Figure S1. MCMC Traceplots for key model parameters.
The traceplots demonstrate the sampling behavior of the four independent Markov Chain Monte Carlo (MCMC) chains (represented by different colors) over 2000 post-warmup iterations. For all key parameters, including the fixed effects (b_Intercept, b_mean_sst, b_rok_num) and distributional parameters (shape, zi), the chains are stationary, well-mixed, and tightly overlapping. There are no visible divergent transitions or flatlining, which visually confirms excellent convergence of the sampling algorithm to the target posterior distribution.
Show the code
mcmc_rank_overlay(posterior, pars = parameters) +labs(title ="Rank histograms", subtitle ="Modern check for chain mixing") +theme_minimal()
Figure S2. Rank overlay histograms for chain mixing.
Rank histograms provide a modern diagnostic for assessing MCMC chain convergence. The plot shows the distribution of ranked posterior draws across the four chains. For all evaluated parameters, the rank distributions are approximately uniform, and the chains overlap almost perfectly without any single chain dominating specific rank percentiles. This provides strong evidence that all chains have explored the same parameter space efficiently and achieved proper mixing.

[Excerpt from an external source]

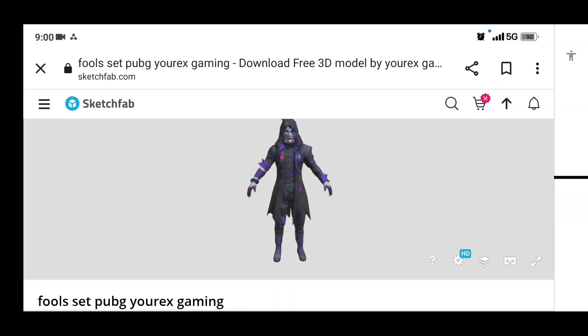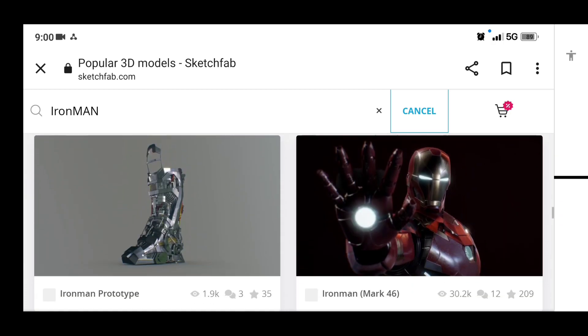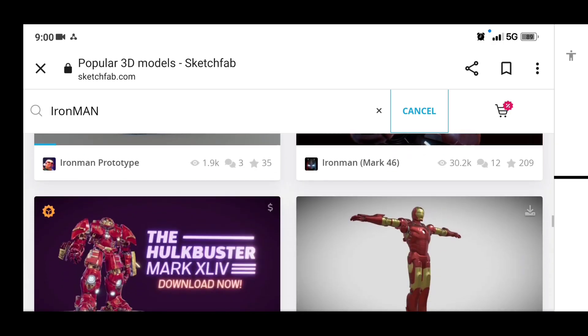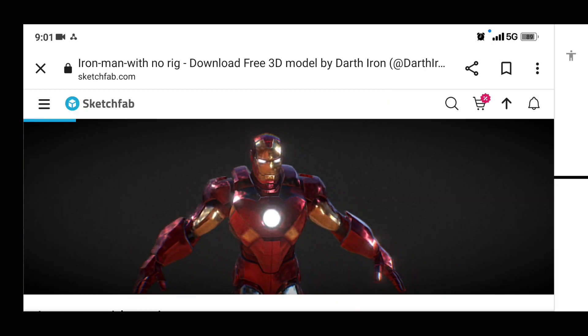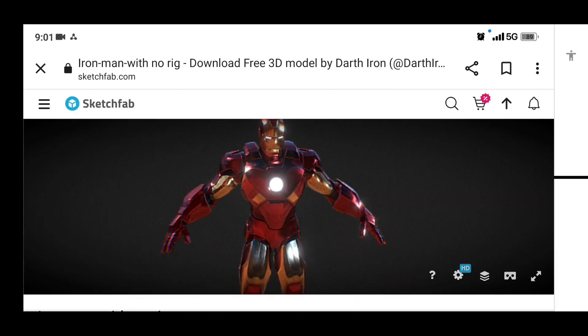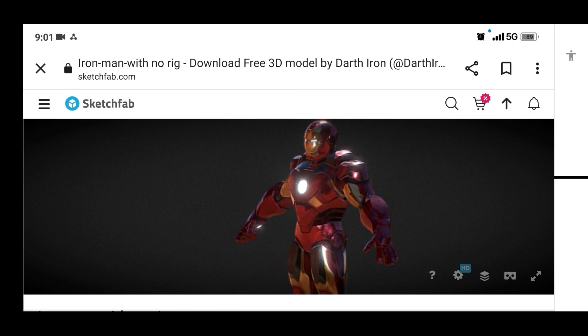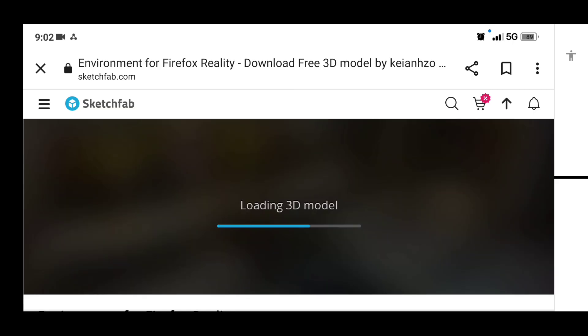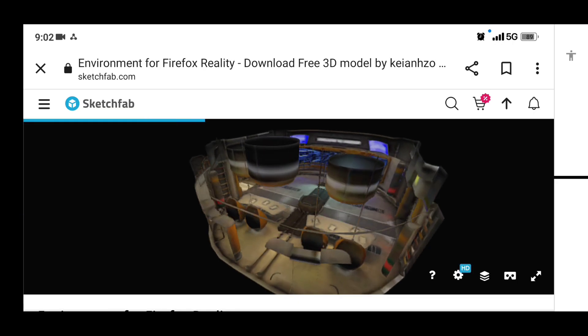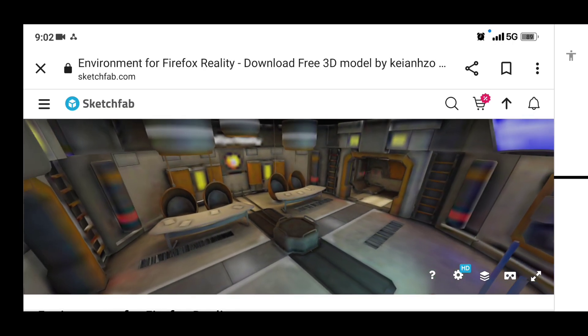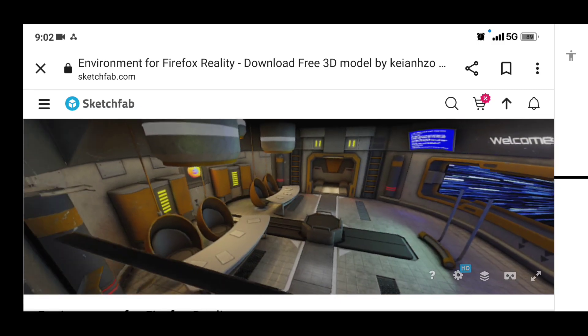First I downloaded the Joker Fool model and Iron Man model from Sketchfab.com. I have provided the respective links in the description. Next I downloaded the environment for the scene, again from Sketchfab. Link in the description.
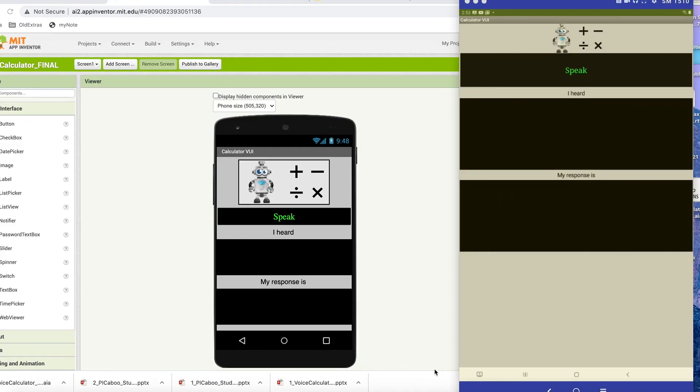Today we're going to be coding the voice calculator. It is basically a conversational AI agent, similar to Alexa and Siri. What we're going to do is, first of all, we're going to demo the final product so you have a sense of what it's going to look like. I have a version of my app on my desktop, and I'm going to press the speak button and ask a mathematical question.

Figure S3. Autocorrelation Function (ACF) of posterior draws.
The ACF plots illustrate the correlation of the MCMC samples within each chain as a function of the lag distance. For all key parameters, the autocorrelation drops rapidly toward zero within the first few lags. This rapid decay indicates that the posterior draws are practically independent, leading to high effective sample size (ESS) values and confirming that the Hamiltonian Monte Carlo (HMC) sampler implemented in Stan operated with high efficiency.
Model evaluation (LOO-CV)
Before interpreting the epidemiological and physical effects, the predictive performance of the final zero-inflated negative ninomial (ZINB) model was evaluated using leave-one-out cross-validation (LOO-CV).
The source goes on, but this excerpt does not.